TASK REQUIREMENTS
Keep images out and repeat all data exactly.

TASK INPUTS
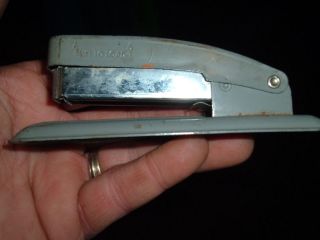 vtg metal swingline stapler small 5 1/4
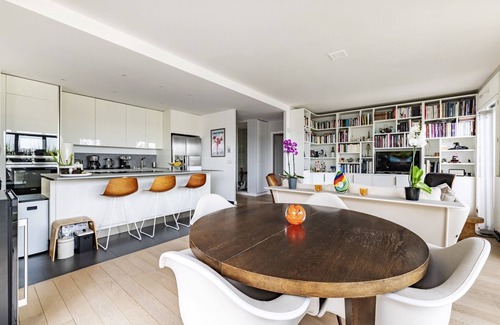 Levallois-Perret Apartamento | Panoramic Wonder, by Veeve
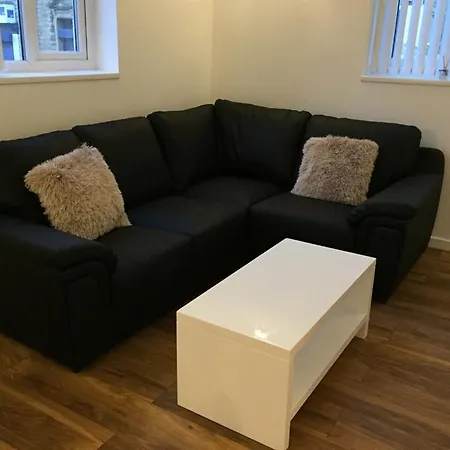 Apartment Live In Leeds Nazarene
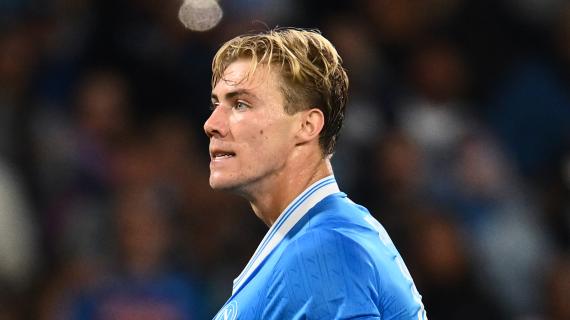 Champions / Napoli, sofferenza e gioia: doppietta Højlund, Milinkovic-Savic salva. Sporting battuto 2-1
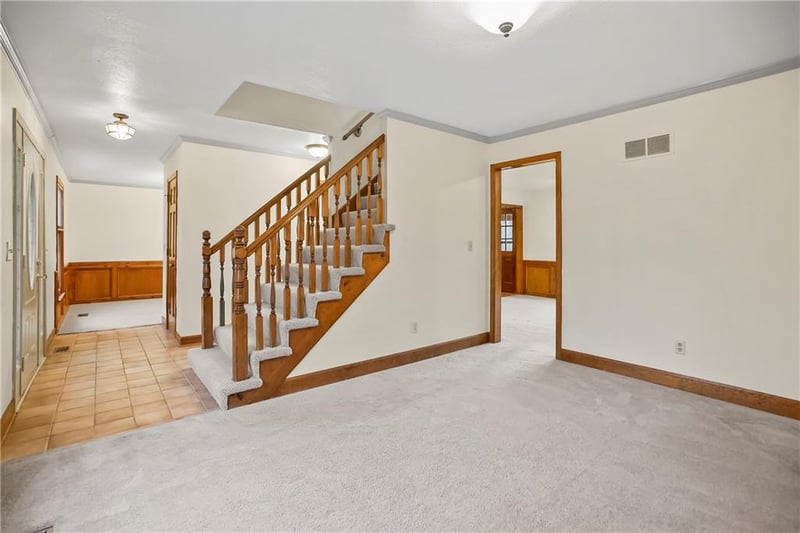 7736 Darnell St, Lenexa, KS 66216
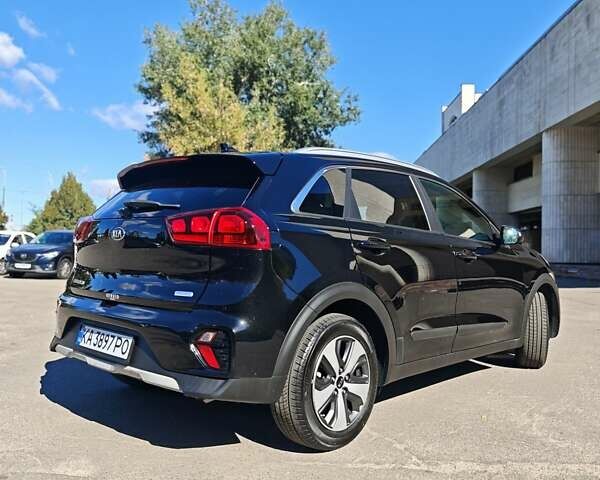 Киа Niro 2020 в Киеве на Automoto.ua Черный Киа Niro, объемом двигателя 1.58 л и пробегом 88 тыс. км за 18400 $, фото 2 на Automoto.ua
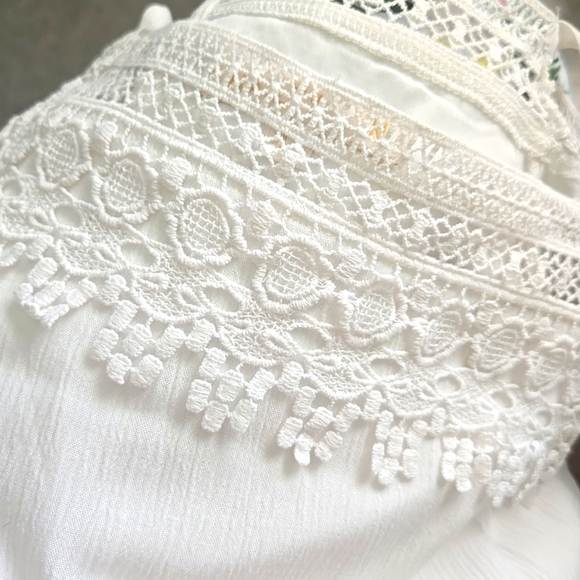 Hailey Lyn cold shoulder lined short sleeve lace trim key hole back size L - Picture 5 of 6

EXERCISE RESPONSE
 vtg metal swingline stapler small 5 1/4
 Levallois-Perret Apartamento | Panoramic Wonder, by Veeve
 Apartment Live In Leeds Nazarene
 Champions / Napoli, sofferenza e gioia: doppietta Højlund, Milinkovic-Savic salva. Sporting battuto 2-1
 7736 Darnell St, Lenexa, KS 66216
 Киа Niro 2020 в Киеве на Automoto.ua Черный Киа Niro, объемом двигателя 1.58 л и пробегом 88 тыс. км за 18400 $, фото 2 на Automoto.ua
 Hailey Lyn cold shoulder lined short sleeve lace trim key hole back size L - Picture 5 of 6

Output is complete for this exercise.